Love the prepacked coffin dragster.


----------



## Jillaroo (Sep 1, 2013)

_It would get you to the burial in next to no time Di_


----------



## That Guy (Sep 1, 2013)




----------



## Diwundrin (Sep 1, 2013)

It's proof positive that people have more money than brains isn't it? :lofl:


----------



## That Guy (Sep 1, 2013)

Diwundrin said:


> It's proof positive that people have more money than brains isn't it? :lofl:



Read awhile ago about some Australian gazillionaire who plans to recreate the Titanic . . . ???  Why?  Because he can?  Will he also sink the damned thing?  THAT would be a statement...    What a colossal waste of money.


----------



## Diwundrin (Sep 2, 2013)

That'd be our Clive! 
 Sitting down?.... he's running for Parliarment this election, with the stated intention of being Prime Minister.  He'll even get a few votes. Some of his ideas hold water but you can't run a Country on a couple of ideas.

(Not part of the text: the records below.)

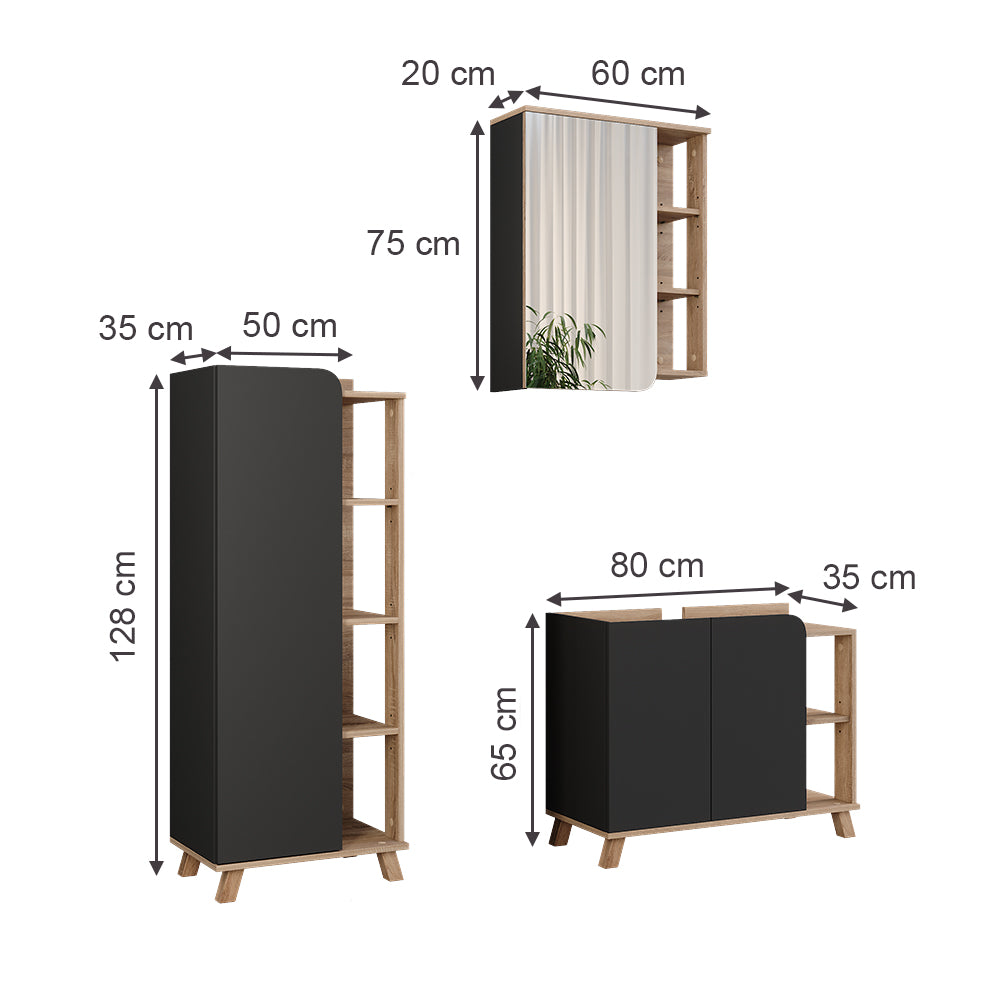 Vicco Set di mobili da bagno Sonoma/antracite 3 parti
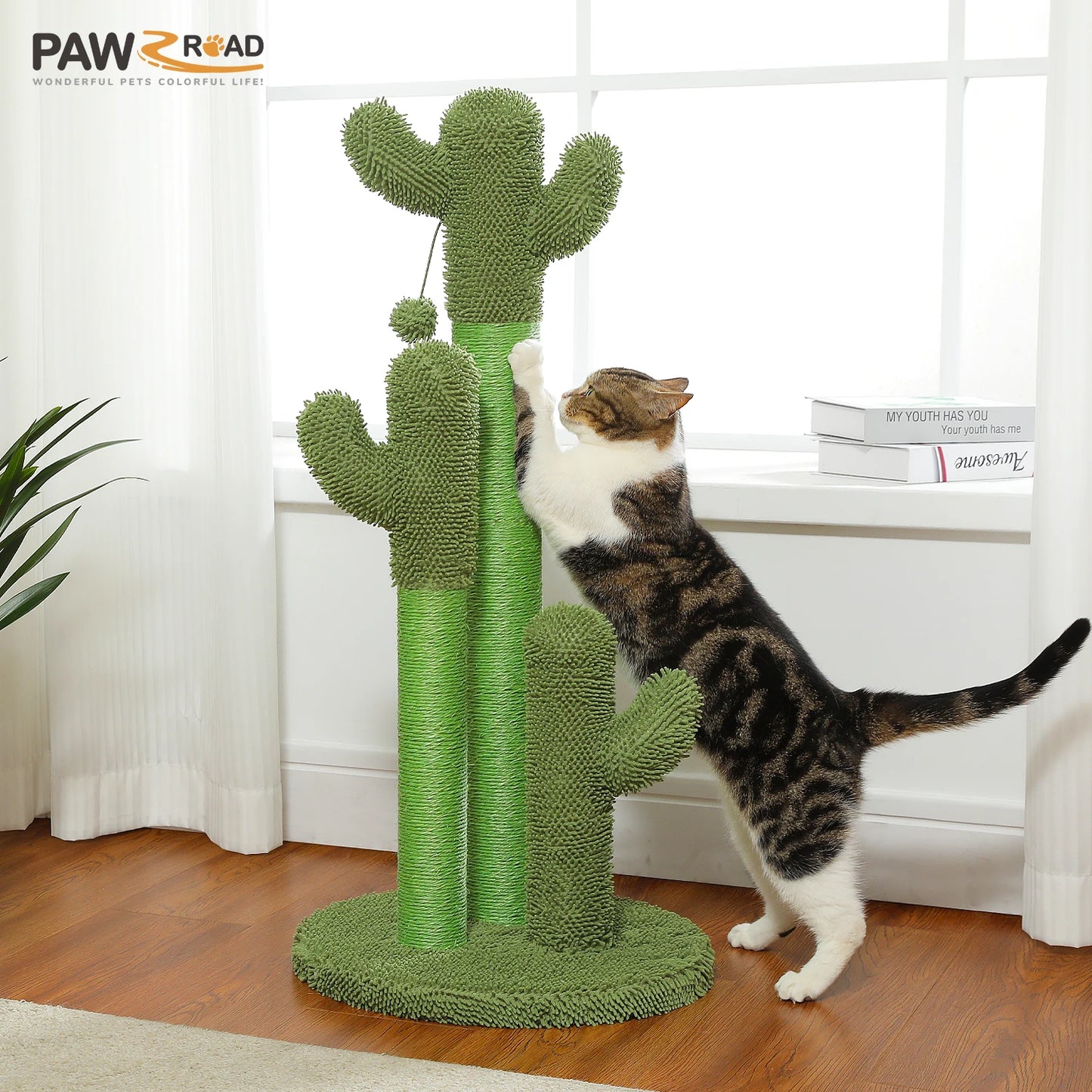 PEQULTI CN Cactus Cat Tree With Condo And Hammock For Indoor Cats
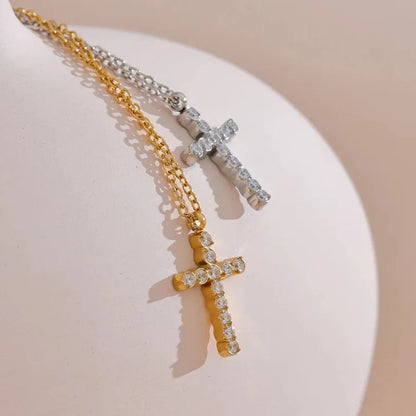 Cubic Zirconia Cross Pendant – 316L Gold Stainless Steel Necklace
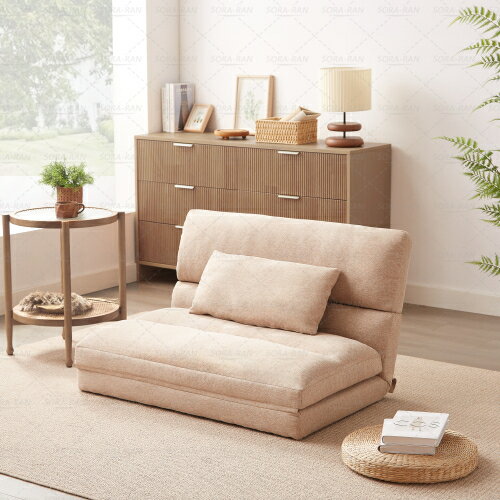 【即納】【ベージュ】折りたたみ ソファベッド 座椅子 幅103cm 2人掛け ソファ リクライニング 5段階 コンパクト P1/P2 おしゃれ プレゼント ギフト 贈り物 送料無料 [3]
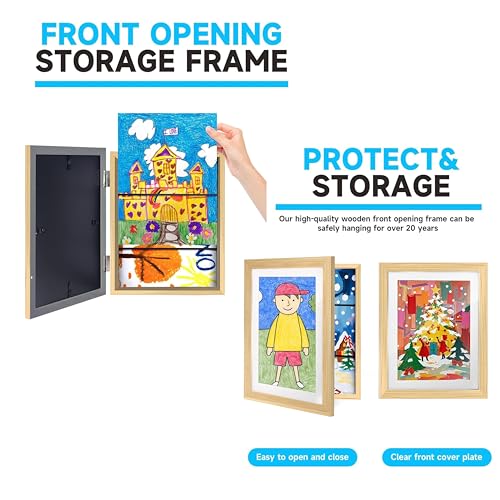 Image of Art Street A4 Kids Photo Frame for Paintings /Drawing /Artwork for walls Children Picture Frame & Easy Swappable Kids Art Frame (Beige, Size 9.2x12.6 inch)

Like most of us he doesn't like any of the political Parties around now so he started his own.  I'm not sure but it may be more than coincidence that it's called the Palmer United Party. PUP for short.....  there's an old saying here that if you're being offered a dodgy deal you're "being sold a pup."
Bears thinking about. 



He's a multi of course. Mining magnate of which we have a few, all in their way intriguing characters.  He's not as silly as he looks and sounds though.  You don't get that rich for being stupid, unless you're in the entertainment industry.

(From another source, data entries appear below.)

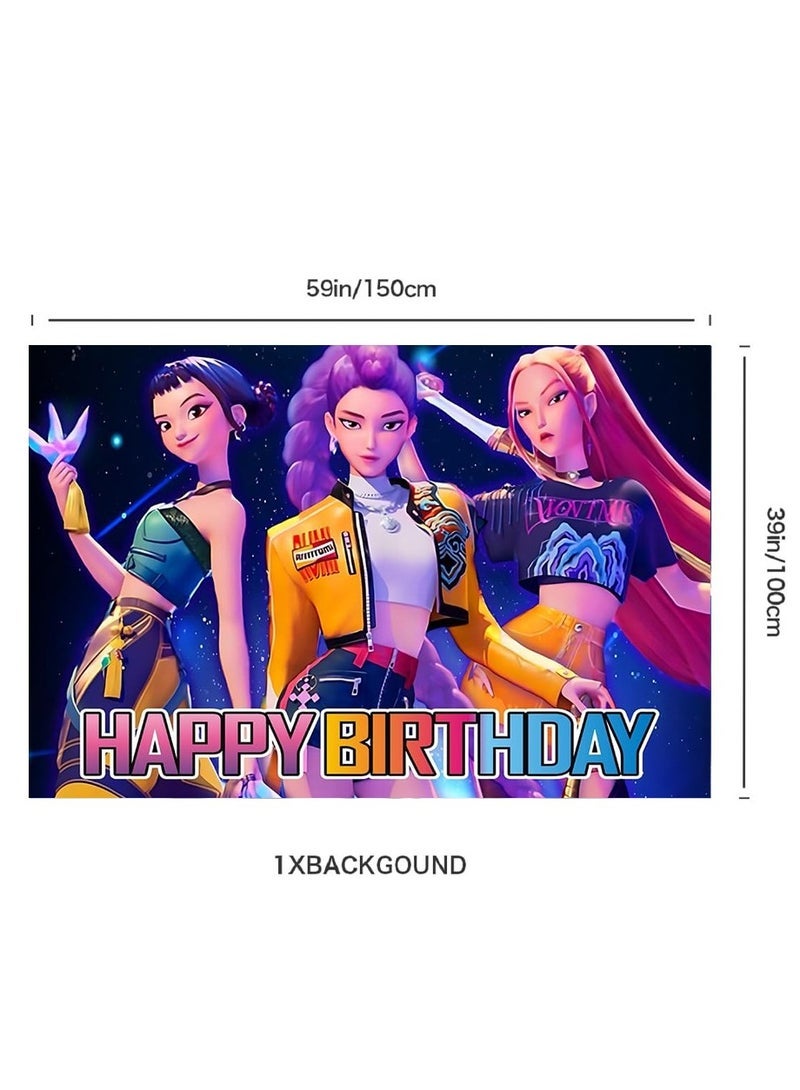 general K-POP: Monster Hunting Girl Group Party Decoration Supplies Scene Setup Birthday Banner - Image 2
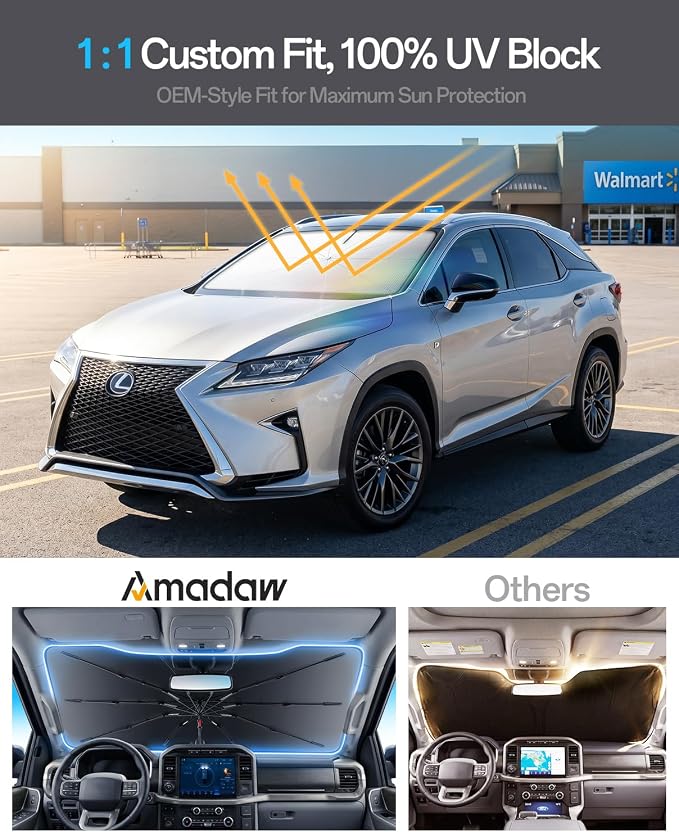 Windshield Sun Shade for Lexus RX 350/300 /400 （2000–2026）, Foldable Umbrella Sunshade with 100% UV Block, Multi-Layer Heat Insulation, Reinforced 10-Rib Frame, Keeps Car Cooler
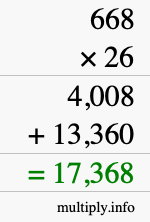 How to calculate 668 times 26 using long multiplication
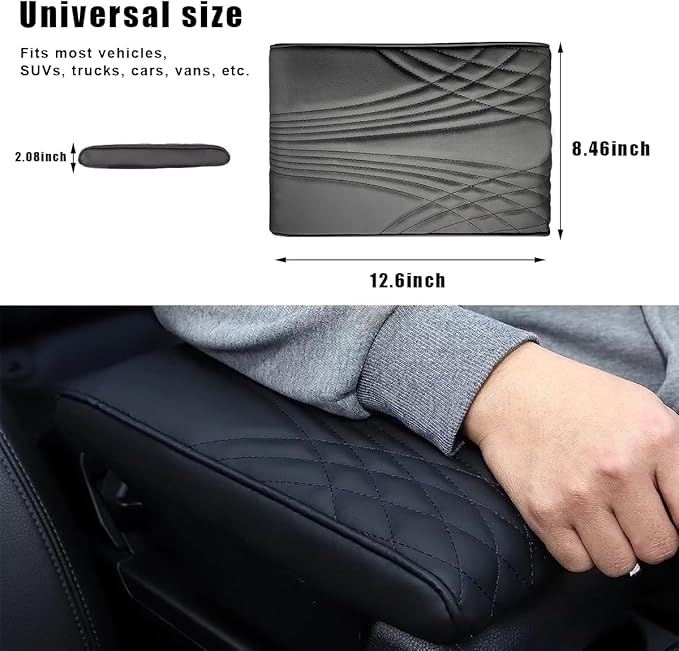 Ziciner Car Center Console Cover, Leather Memory Foam Armrest Cushion Protection Pad, Waterproof Hand Rest Pillow with Height Increase, Universal Accessory for Most Car (Black #Angel)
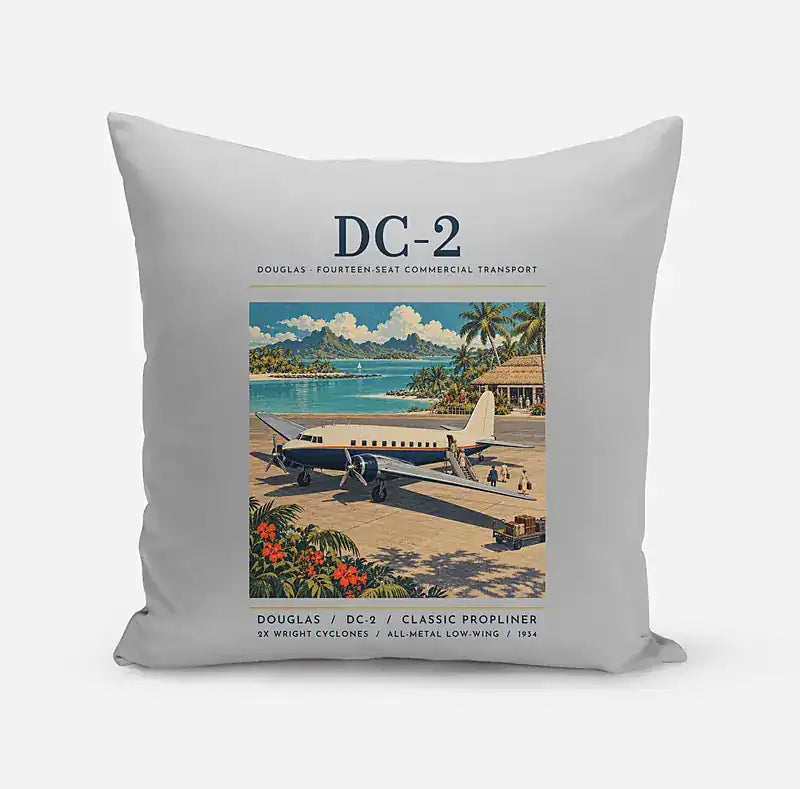 Douglas DC-2 - Poster - Pillow - Light Gray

That Titanic thing has people wanting to book on it off the blueprints.  It'll be for 5 star high rollers only and will pull all those with the money, but not the bravery, to book on a spaceflight.  It's not your island cruise ship deal, this will cost the average house for dinner with the Captain.  

The main bone of contention about it is that he's getting it built in China.  We simply don't have the capacity to build ships like that any more... which is his point of wanting to be PM to fix that little shortcoming...  mmmm  bit convoluted but he has a point.  Although there are a lot of priorities ahead of a shipyard that need fixing.

He's thinking of building a Jurassic Park too.  Just what we need, more dinosaurs.



Still and all,  we do need those larger than life characters around to keep the real world in perspective don't we?


----------



## dbeyat45 (Sep 2, 2013)

Damn you Diwundrin !!  I was just starting to think about what to write about Clive ..... I think you've covered it.    :lofl:


----------



## Diwundrin (Sep 2, 2013)

Sorry DB, didn't think you'd find anything odd about Clive, he grew up in Queensland and we suspect that you're all troppo up there. Especially the politicians. 


Remember the good old days of the White Shoe Brigade on the Gold Coast?  Heady days. 



Here's a piccy of Clive, despite his all his money and odd behaviour he can't be accused of being sartorially flamboyant.


----------



## Katybug (Sep 2, 2013)

That Guy said:


>




*All the pix are very interesting, but this is my favorite....WOW!!
*


----------



## That Guy (Sep 2, 2013)

You GO, Clive; King of the Squirrels!


----------



## Diwundrin (Oct 3, 2013)

He's in !!  Titanic Clive won a seat in the Senate.  They've been doing recounts for weeks but finally, he's won it. By 7 votes out of thousands.  
It gets better.... he formed his own Party and ran candidates in almost all electorates and two others in his Party got in too.

He now has a chance of being the balance of power in the Senate.   Things could get really, really interesting.

  Oh, and they've stopped laughing about him.


----------